→ **Recorded data**

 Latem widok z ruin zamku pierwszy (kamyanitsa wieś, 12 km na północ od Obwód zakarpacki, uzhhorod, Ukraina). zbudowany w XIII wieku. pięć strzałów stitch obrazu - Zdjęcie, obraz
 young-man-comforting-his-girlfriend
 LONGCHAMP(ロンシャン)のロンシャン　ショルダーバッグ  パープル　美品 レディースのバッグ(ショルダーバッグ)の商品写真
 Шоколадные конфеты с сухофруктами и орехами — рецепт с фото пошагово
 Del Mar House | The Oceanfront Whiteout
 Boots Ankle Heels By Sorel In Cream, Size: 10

==

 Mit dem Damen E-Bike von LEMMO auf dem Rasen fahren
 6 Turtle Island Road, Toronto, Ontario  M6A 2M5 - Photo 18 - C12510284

→ **What you are asked to do**
Look above for the line containing "Latem widok z". Output from there through the line containing "young-man-comforting-his-girlfriend", exactly and inclusively.

→ **Output**
 Latem widok z ruin zamku pierwszy (kamyanitsa wieś, 12 km na północ od Obwód zakarpacki, uzhhorod, Ukraina). zbudowany w XIII wieku. pięć strzałów stitch obrazu - Zdjęcie, obraz
 young-man-comforting-his-girlfriend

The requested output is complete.